I read what she had to say and said to myself," Usually what we have to say is said to make some point.

Often the point we learn is this: "Bring me a mustard seed from the village of the sane." Of course, the Buddha ends up sans mustard seed. But that is the point to of the story.

Julia writes, "I know it's "all part of growing up" and it's pretty cool to be able to actually notice my brain changing and expanding and getting to those higher levels that I didn't even know existed a year or two ago, but I've been beginning to feel like a lot of who I am, inside, when you dissect every little tiny piece of my mind apart, is crazy."

I'm paraphrasing Rodney Dangerfield here: "The only sane people are the ones you don't know."

She's lucky to learn early that we all have that devilkin internal dialogue going on, non-stop.
If it were only as easy as naming those devilkins, like the seven sins. On one level it's greed. On another it's lust. On another its lust, pride and so on.

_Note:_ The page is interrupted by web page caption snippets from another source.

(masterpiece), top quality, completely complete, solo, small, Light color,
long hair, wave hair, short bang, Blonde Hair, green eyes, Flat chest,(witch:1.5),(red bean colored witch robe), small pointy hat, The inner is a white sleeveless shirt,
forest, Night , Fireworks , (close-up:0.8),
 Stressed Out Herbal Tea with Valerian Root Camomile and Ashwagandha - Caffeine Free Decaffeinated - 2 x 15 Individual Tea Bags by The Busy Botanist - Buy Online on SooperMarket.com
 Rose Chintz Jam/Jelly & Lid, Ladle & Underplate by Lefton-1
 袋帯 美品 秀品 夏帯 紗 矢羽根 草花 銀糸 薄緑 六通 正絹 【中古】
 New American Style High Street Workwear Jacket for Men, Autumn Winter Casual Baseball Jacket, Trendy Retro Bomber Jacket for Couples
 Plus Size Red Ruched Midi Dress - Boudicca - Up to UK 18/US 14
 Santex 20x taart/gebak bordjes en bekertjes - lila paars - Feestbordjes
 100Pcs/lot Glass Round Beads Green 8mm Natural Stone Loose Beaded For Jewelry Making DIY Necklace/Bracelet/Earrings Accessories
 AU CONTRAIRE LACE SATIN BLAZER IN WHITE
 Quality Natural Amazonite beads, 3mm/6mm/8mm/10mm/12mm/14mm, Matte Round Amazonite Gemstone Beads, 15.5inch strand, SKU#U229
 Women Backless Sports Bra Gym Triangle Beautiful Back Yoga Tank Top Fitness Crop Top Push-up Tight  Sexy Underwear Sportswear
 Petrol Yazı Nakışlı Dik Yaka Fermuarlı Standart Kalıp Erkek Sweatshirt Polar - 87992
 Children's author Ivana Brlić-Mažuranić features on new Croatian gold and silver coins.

Julia--it's all of those things and more. We have our angels too. Our Swamis. Our guides.

Pride, by the way, is a cross-dresser, the proverbial baby in the bath water.

She goes on to say, ". I'm sorry if anything I say doesn't make any sense. I'm never good with saying what I mean in words when it comes to any sort of stuff beyond the surface, if that even makes any sense. "

It makes complete sense. What you have to say can only be suggested with words and most of us are hard of hearing. That is to say, those devilkin voices drown out most of what people are trying to say.

"I know I'll probably regret it tomorrow, but in June or July 2003 I started taking bass lessons with Sandy, a 50-some odd guy who works for my piano teacher. My piano teacher is the Music Director at this" creative learning center" type place…all music teachers there are under him, and then Sandy left and the job was filled by Jai. . .Jai was one of those people that you meet and you know you'll never meet again in any other person, who is so vibrant and full of life and is just all-around, even in the simplest settings, an amazing person, though not everyone would see it that way. "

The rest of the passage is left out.